According To Me: Forget Units, Embrace Millilitres

drunkmdRemember last July when I explained how I actually tasted beer? This is another one of those posts. Not looking to convince you of anything but just to set out what I actually do.

First, let me get this out of the way. One of the oddest things about beer is how it triggers a particular sort of outrage. We see it often in relation to the libertarian response to public safety advocates lobbying for lowering the levels of acceptable blood alcohol for drivers. My rights! The stats are wrong! The lawyers are lining their pockets! We see the same sort of thing when public health officers bring out advice about lowering your alcohol intake. My rights! The stats are wrong! The doctors are lining their pockets! I find these complaints boring and odd. Amateur LLBs meeting amateur MDs. They come across a bit addled or at least conflicted in ways that I don’t get. And a bit like a 1950’s TV ad for smoking. Certainly, killing yourself off early is preferable to killing off others but still… who really is driven to strongly react to folk seeing to reduce, you know, death. I bet these days even aging 1970s rock stars might be more inclined to wonder what a few fewer trips to the cookie jar might have meant to one’s latter years. If booze means that much to you, find something else to care about. Get a hobby. Or a fish. Find happiness in a snowflake FFS.

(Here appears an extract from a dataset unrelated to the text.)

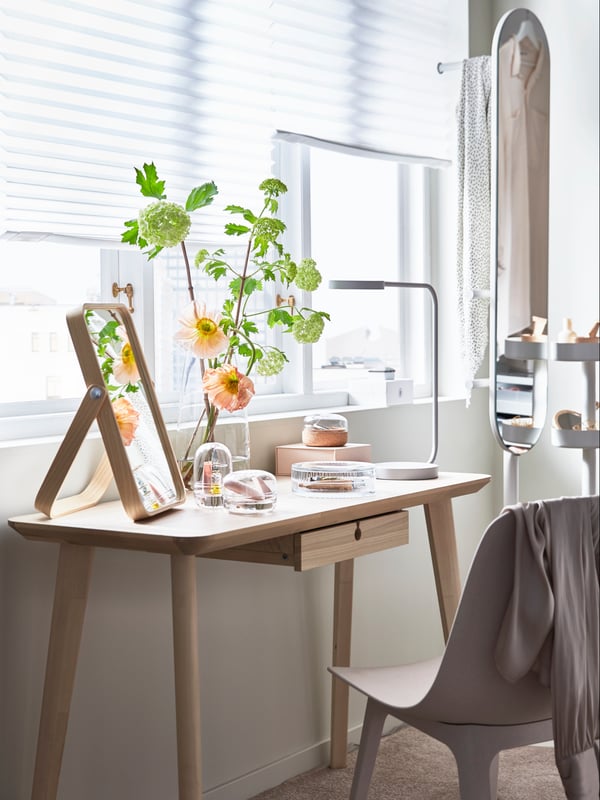 Sminkhörna med LISABO skrivbord framför ett fönster tillsammans med en IKORNNES bordsspegel.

But… I am not here to point fingers and certainly not name names. Folk live their own lives and can react to these things as they see fit as long as they don’t harm others. Yet there is one thing I think would help immensely with the dialogue generally. Get rid of the idea of the “unit” that the public health advocacy is based upon. It just fogs up the whole discussion. You see it in Canada. You see it in the UK. Here, we still live in the 15 drink universe. In the UK, the outrage is the announcement of the 14 unit week. Yet what is a unit to you? Nothing. You require an online calculator to understand the implications. And no one is looking at one of those mid-session. By creating an arbitrary standard, you do not describe the experience as the people you are advocating to experience it. It muddles and befuddles.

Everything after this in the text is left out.